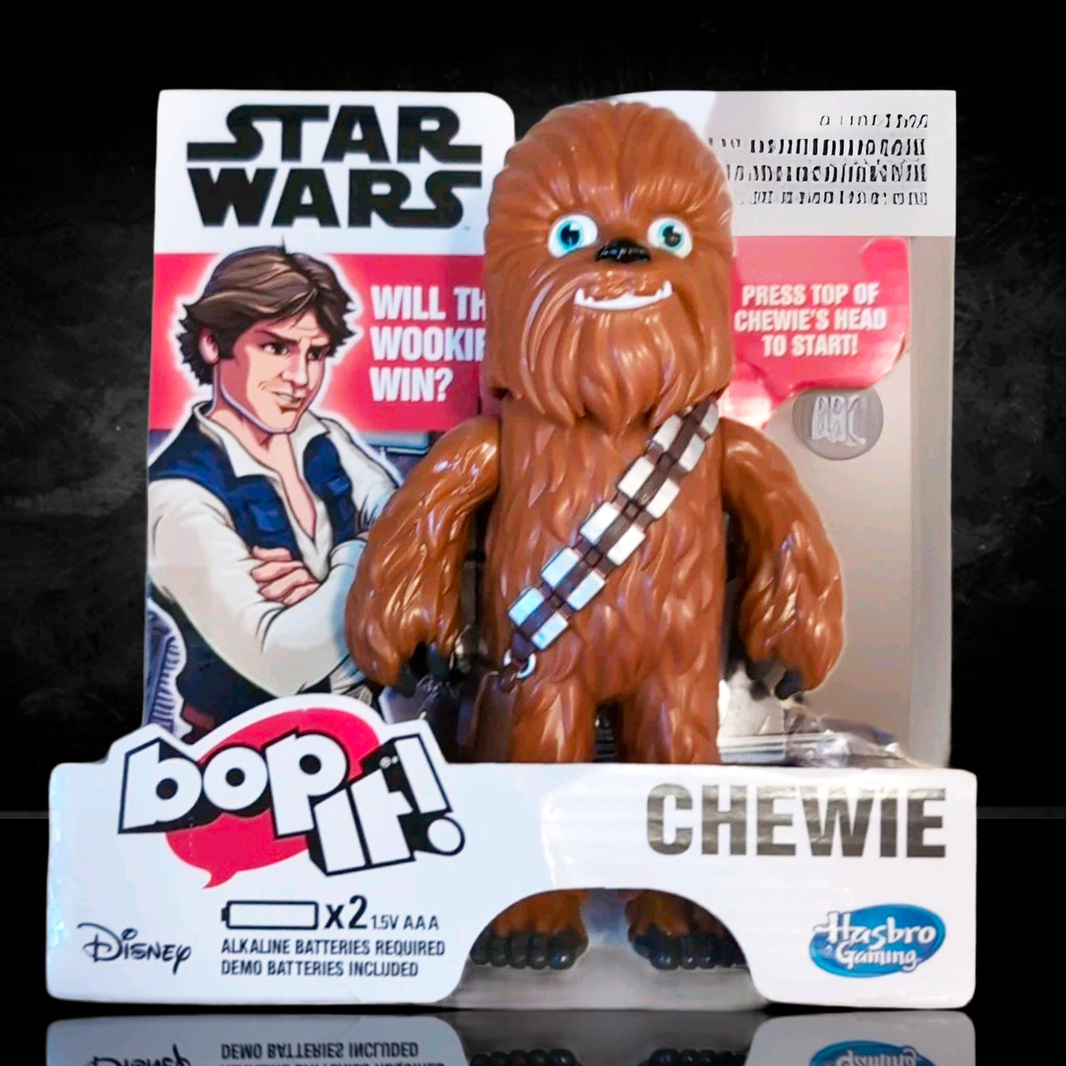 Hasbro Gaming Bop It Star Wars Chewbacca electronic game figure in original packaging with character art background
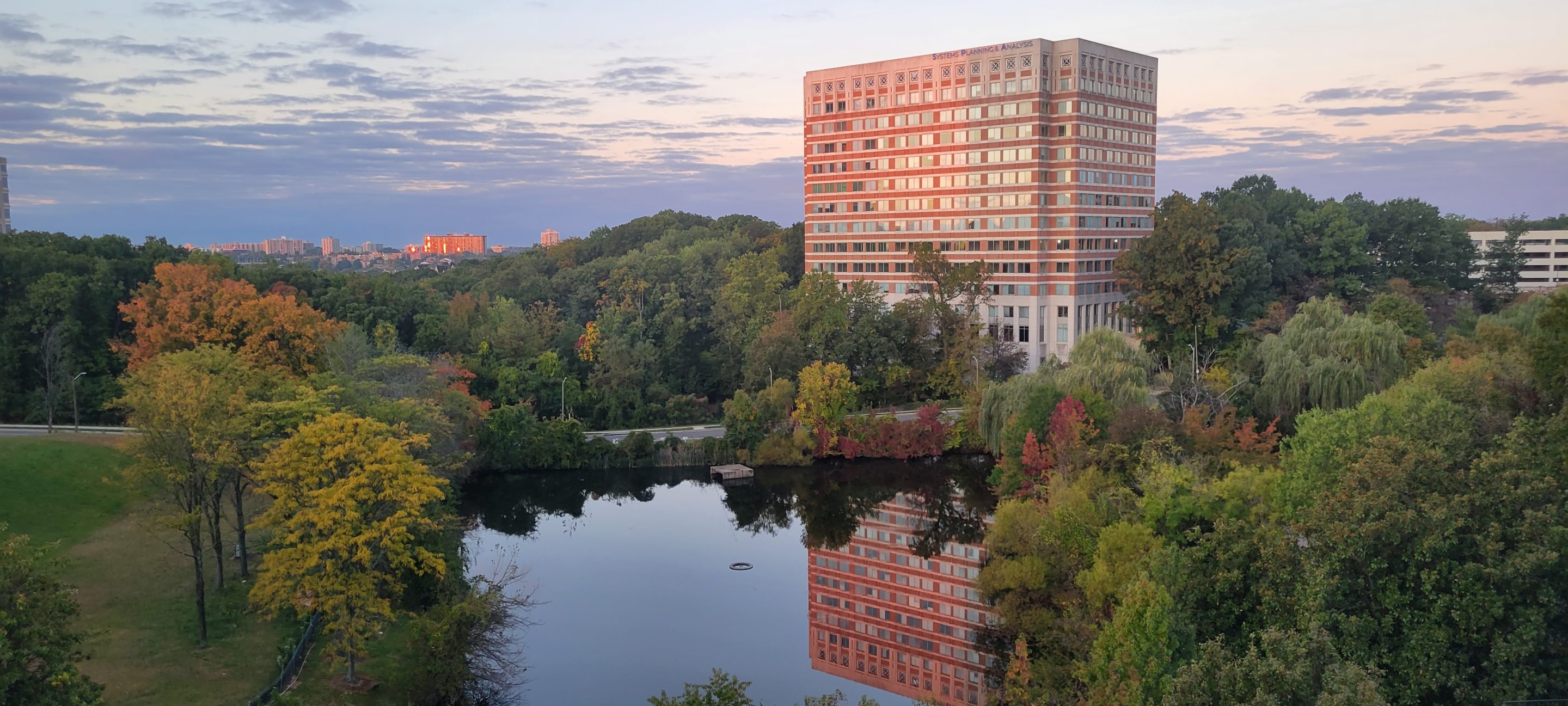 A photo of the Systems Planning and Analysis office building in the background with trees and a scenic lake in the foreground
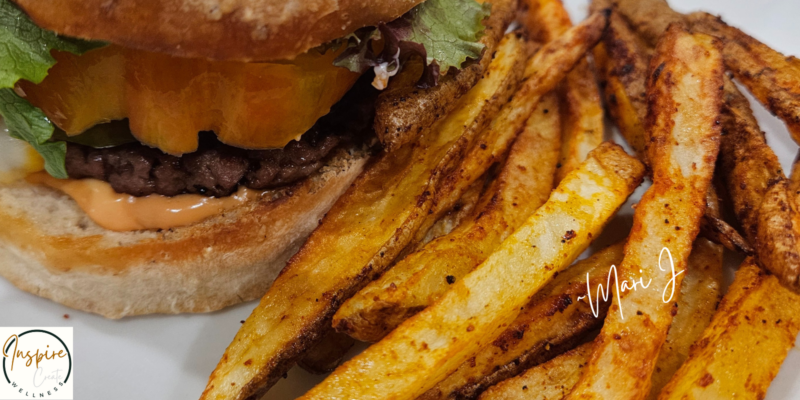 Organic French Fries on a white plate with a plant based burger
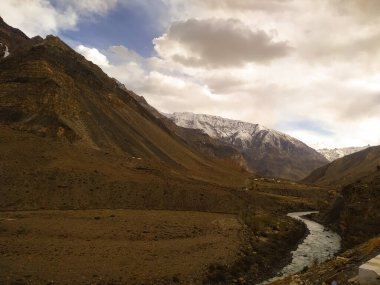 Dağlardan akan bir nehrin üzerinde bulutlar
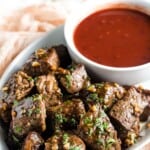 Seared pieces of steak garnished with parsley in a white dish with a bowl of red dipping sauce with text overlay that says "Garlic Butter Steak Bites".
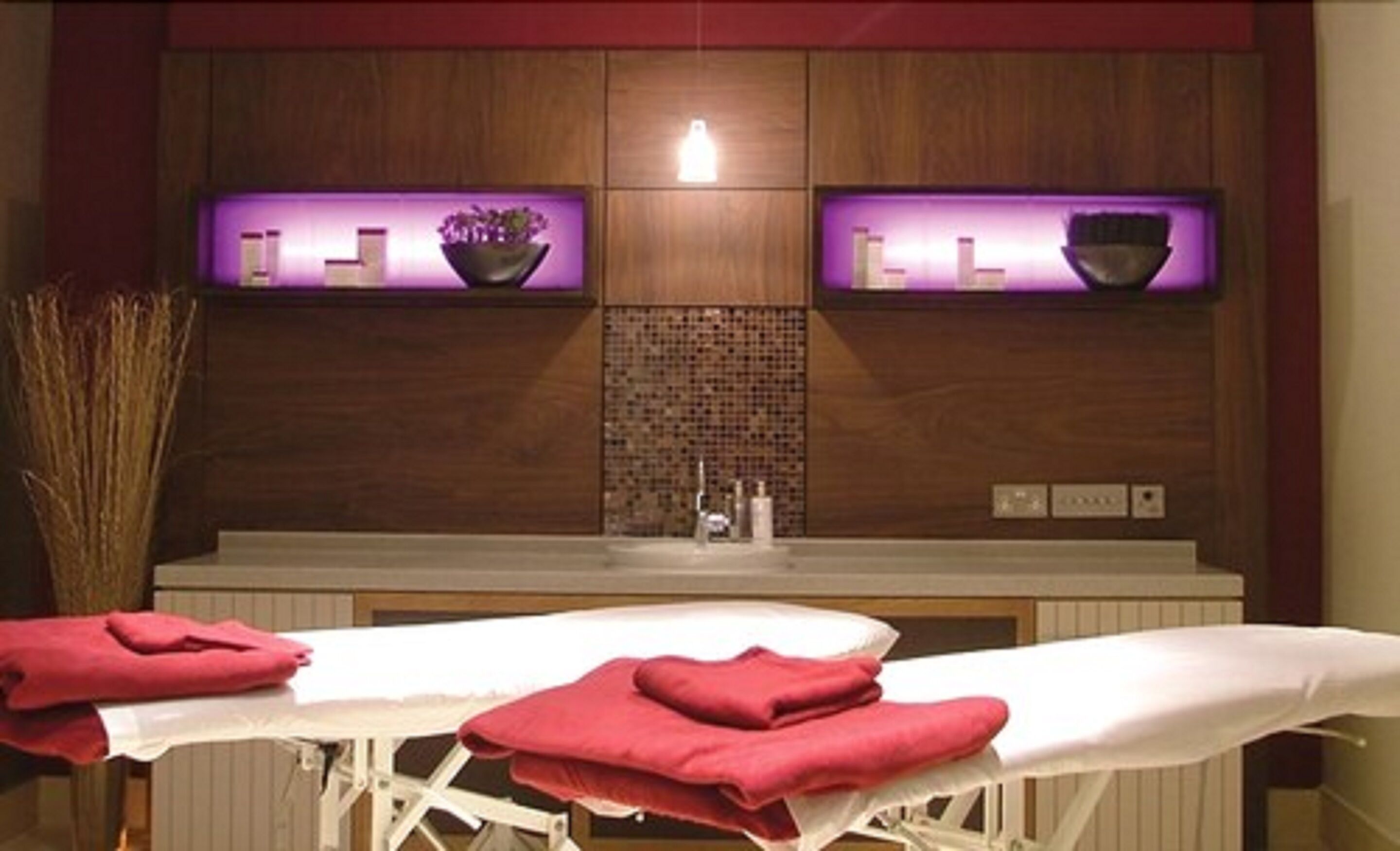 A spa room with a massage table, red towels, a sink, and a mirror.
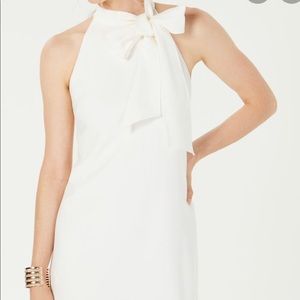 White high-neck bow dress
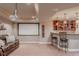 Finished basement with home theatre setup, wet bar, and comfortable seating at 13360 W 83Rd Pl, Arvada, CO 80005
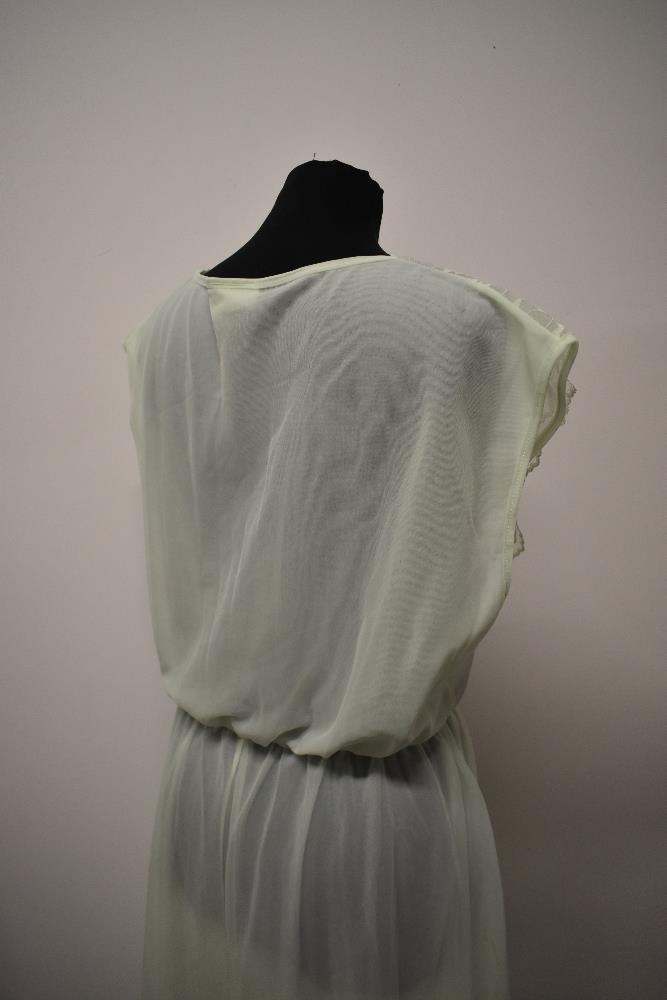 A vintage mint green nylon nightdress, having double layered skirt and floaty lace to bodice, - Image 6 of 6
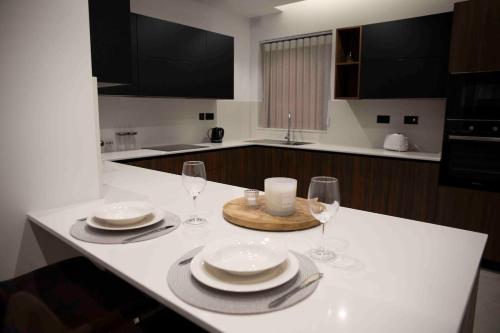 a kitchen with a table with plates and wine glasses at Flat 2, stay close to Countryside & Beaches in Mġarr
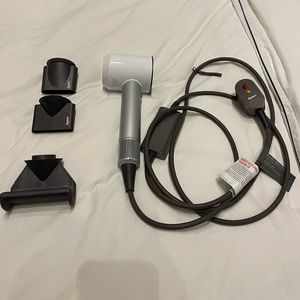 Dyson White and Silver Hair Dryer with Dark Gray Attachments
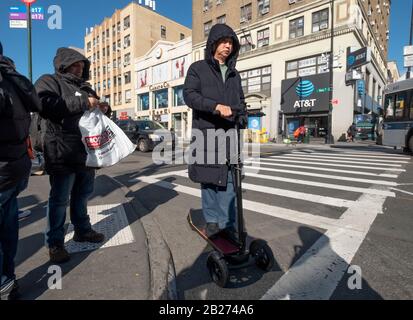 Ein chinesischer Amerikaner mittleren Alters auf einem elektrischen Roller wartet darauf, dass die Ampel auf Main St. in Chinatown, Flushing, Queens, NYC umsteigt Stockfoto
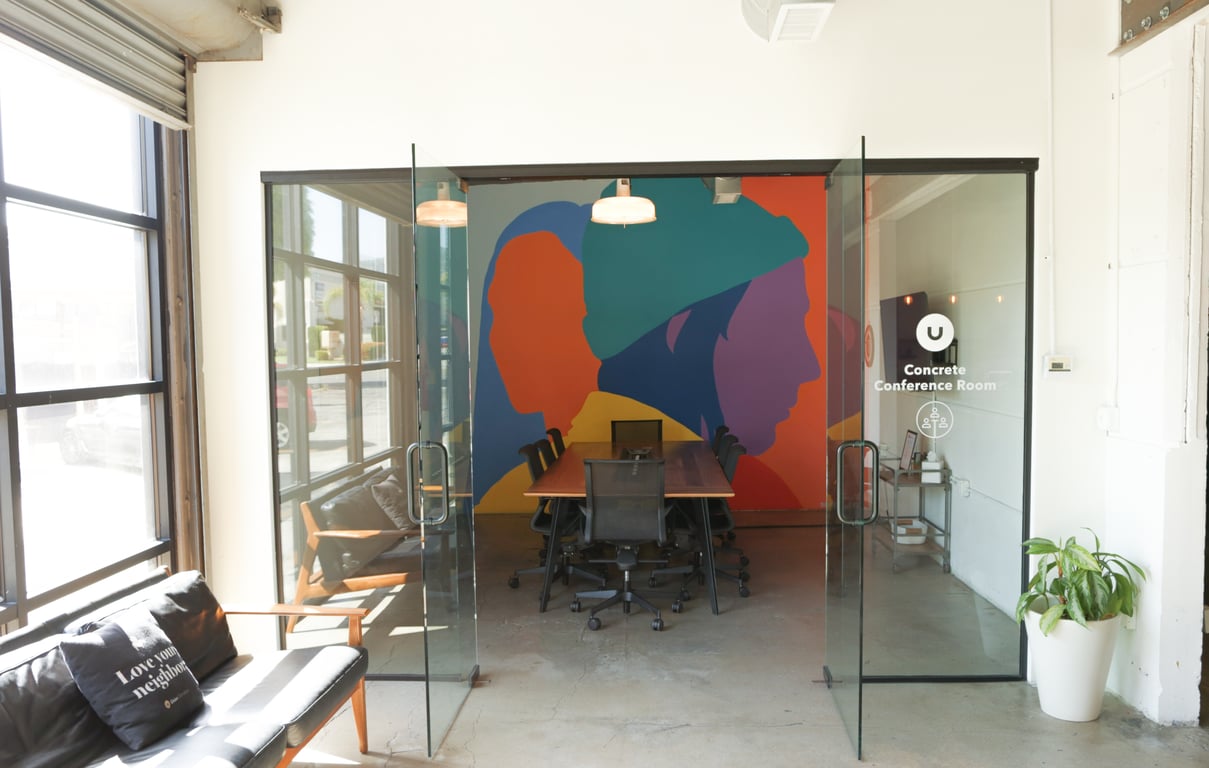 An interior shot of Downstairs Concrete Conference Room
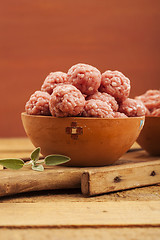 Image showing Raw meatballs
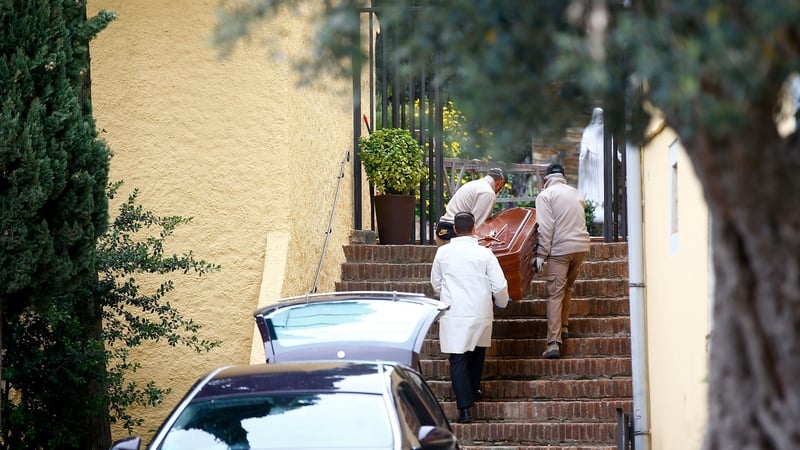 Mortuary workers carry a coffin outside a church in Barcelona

========

-- Exercise directions --
Set the pictures aside and reproduce exactly the lines above, from the line holding "A photo of the" through the line holding "Seared pieces of", both included, with nothing else.

-- Answer to the problem --
 A photo of the Systems Planning and Analysis office building in the background with trees and a scenic lake in the foreground
 Organic French Fries on a white plate with a plant based burger
 Dağlardan akan bir nehrin üzerinde bulutlar
 Seared pieces of steak garnished with parsley in a white dish with a bowl of red dipping sauce with text overlay that says "Garlic Butter Steak Bites".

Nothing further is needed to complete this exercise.